Walking brings so many positive elements into my life – it gives me the fresh air and freedom to appreciate, to breathe, to connect and to explore both the physical outside world and my own headspace.
[During the COVID-19 lockdowns] I saw that walking offered the chance for people to change their view, their landscape, their perspective.
Walking opened up the window of opportunity for them to connect with others and in turn enabled them to connect with their community.
A simple ‘hello’ that could make all the difference and help to alleviate someone’s feelings of isolation and loneliness.
What do we conclude from this study?
Four recommendations emerge from this study:
1. Interventions are needed to support people in phases of life when driving is not an option, such as older age and single parents.
Even when transport options are available, these groups may need support accessing them such as bus passes, low-level buses or easy to read timetables.
2. Public and community transport and active travel routes need to support people reaching friends and family, not just places of work or retail.
3. Some people value opportunities to connect while travelling, while others appreciate the time to disconnect.
Modes of travel and transport policy should therefore consider both of these desires.

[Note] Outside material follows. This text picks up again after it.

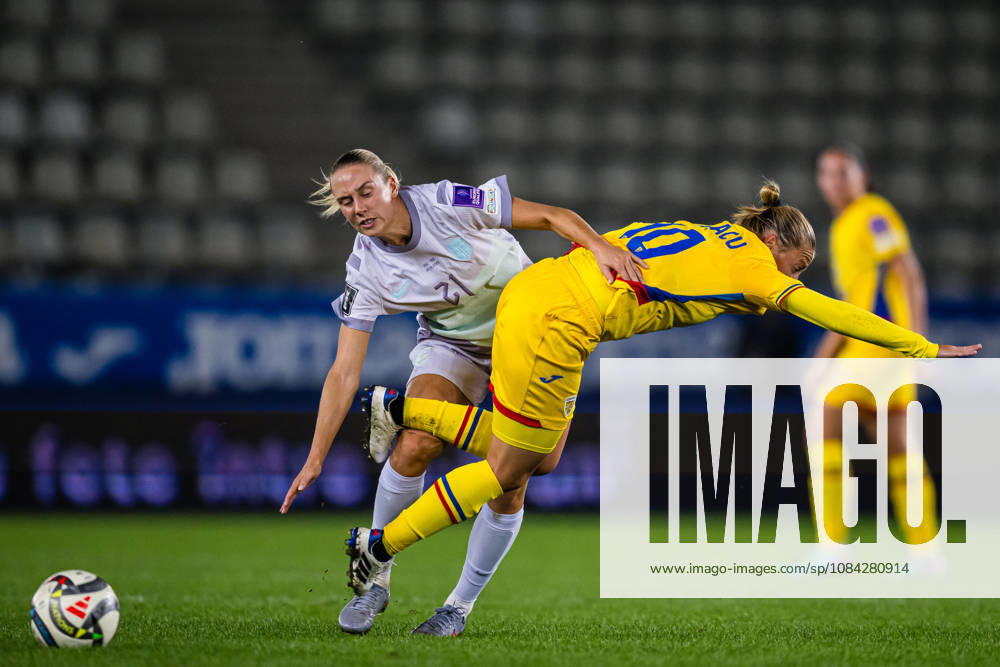 Lisa Naalsund of Norway and Mihaela Ciolacu of Romania during the FIFA Women s World Cup Qualifier football match between Romania and Norway on October 9, 2026 in Bucharest. Photo: Marius Simensen BILDBYRAN COP 238 bbeng dam FIFA World Cup, WM, Weltmeisterschaft, Fussball qualifiers football fotball fotboll landskamp norge norway romania soccer vm kvalik vm-kvalifisering kvinner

4. Transport policy and interventions should consider all road users not just drivers, with the assessment of loneliness or social connections providing valuable insights into the effects of these interventions.
We need to recognise the complex dynamic of transport and social connection
Loneliness and isolation is increasingly a policy area in its own right.
In terms of the wider policy agenda, there are connections to equality, diversity and inclusion, health inequalities, mental health, wellbeing, better ageing, engagement and participation, severance, safety and more.
Transport schemes need to take better account of the impact on loneliness and isolation.
With consideration of these factors and needs, we can deliver transport in ways that can really improve social connectedness.